Sed: simple pattern address usage
Tagged with: [ pattern ] [ regex ] [ sed ]
Most people I know use sed for simple and fast translation of some keyword in files. For instance, changing ports and tags inside configuration files during deployment to production servers. This results in sometimes clumsy scripts to make sure that sed changes a keword on line 4, but not on line 40. Most people I know have no idea that the way you can actually limit the range in which sed has to operate. Let’s explore…
Sed’s general form is something like this:
[address[,address]][!]command [args]
As you can see, it LOOKS simple enough, but it really isn’t. Let’s take a look at a simple sed-action:
echo "Hello world" | sed -e 's/world/people/'
This will output “Hello people” since it changes the text “world” into “people”. If instead of 1 line, we streamed a file into sed, it will replace the first “world” string for every line in the file. If you have 2 “world” strings on one line, you need to add the “g” option (g meaning global here).
cat largefile.txt | sed -e 's/world/people/g'
Meet sed’s addressing
This is all fine and dandy, until you don’t want to replace all world-tags in a file, but just the tags in the first, say, 10 lines. It’s very easy to accomplish this in sed:
cat largefile.txt | sed -e '1,10 s/world/people/g'
This looks the same, only we have added an address-range to sed. In this case, it will change world into people on line 1 to 10, but sometimes we want to do the opposite: change on all lines EXCEPT 1 to 10. Still easy enough:
cat largefile.txt | sed -e '1,10 ! s/world/people/g'
Now for the fun part
It is not only possible to add line numbers for addressing, but you can also add a regex if you like (or any mix).
cat largefile.txt | sed -e '/^start/,/^end/ s/world/people/g'
this will change world to people for every line after finding a line that starts with “START”. It will stop after finding a line that starts with “END”. So let’s see, which lines will be changed in the following files:
hello world
this is a world readable test file
let's start shall we?
start
the world is not enough. But the world should be.
end
start with a better world
ending with a world of hate is not an option
Did you catch them all? Here’s the answer:
hello world
this is a world readable test file
let's start shall we?
start
the people is not enough. But the people should be.
end
start with a better people
ending with a people of hate is not an option
An advanced example
Let’s see how some more advanced usages work. These examples use application.ini, which is a zend framework
configuration file, but basically any INI file will do. Let’s “remove” the [testing]
section by commenting out the data.
Note that we don’t know (nor care) where (or if) this [testing]

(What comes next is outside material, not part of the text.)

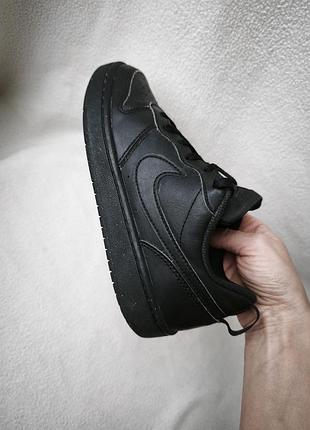 Оригинал! кроссовки nike р.36,5 стелька 23,5 см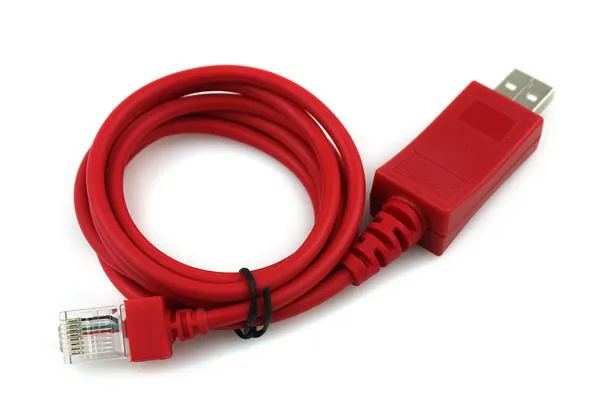 WOUXUN USB Кабель для программирования+ Программы для компьютера CD компьютерного программирования Интерфейс Поддержка Win8 для автомобиля Радио kg-uv920p kg-uv950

section is present or how long it is.
cat application.ini |
sed -e '/^\[testing]/,/^\[/ { /^\[testing]/b ; /^\[/b; s/\(.*\)/**DELETED** \1/ }'</pre>
So, what does this actually do then? Let’s take a look at the address range:
The address-range:
/^\[testing]/,/^\[/
this sed script matches (every) line that starts with [testing]

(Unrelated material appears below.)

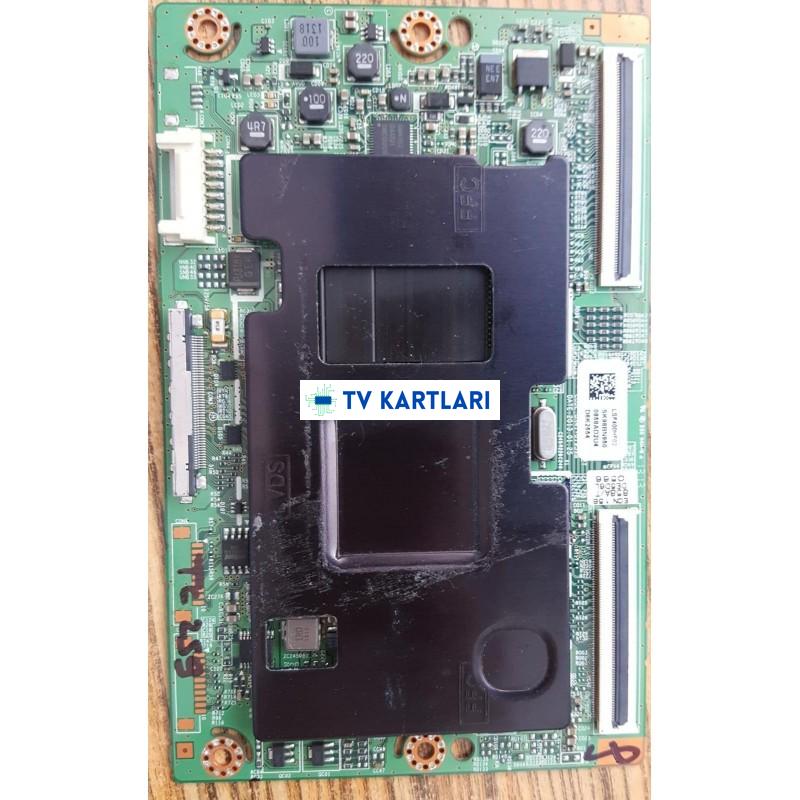 BN41-01939B, LSF400HF02, BN95-00858A, BN97-06996B,T-CON BOARD, SAMSUNG UE40F6470SS, UE40F6800SS,T-CON BOARD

and ends with a line that starts with [
. When
dealing with ini-files, this basically means you match a complete [testing]
section, INCLUDING the [testing]
and next
[..]
lines. It looks a bit messy but the same /RE1,RE2/ syntax can be found.
The {
}
brackets makes it possible to group multiple sed commands just like php. In this case, we have 3 commands, all
separated by a ;
(sounds very familiar does it?)
/^\[testing]/b
This command tells sed to “branch” to the end of the script (and it will continue with a new line). In effect, it’s a check that no other commands will be run when we match the initial [testing block. It would be easier if sed had a way to exclude the address-ranges but alas. So we are forced to check the start and end matches ourselves.
/^\[/b
As said, we checked the start, so we have to check the end as well, so these lines don’t get changed by sed.

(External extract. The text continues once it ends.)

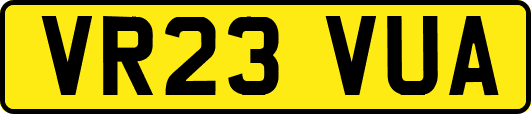 VR23VUA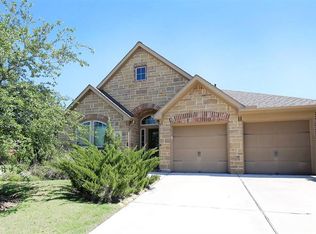 17614 Browning Trace Ln, Richmond, TX 77407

s/\(.*\)/; **DELETED** \1/
When we arrived here, we can safely change our lines. In this case, it will do a substitution (the ‘s’) where it will match .*, which is regex-speak for the whole line. The () are needed to capture this whole line into the \1 parameter we use inside the substition.
We substitute the line by changing the line to “; **DELETED** “, and adding the \1 to it. This effectively appends the “; ** deleted **” string in front of the line.
That’s it.. The whole INI-section called [testing]
is commented out in one go and you know a bit more about sed’s
address usage.
Enjoy..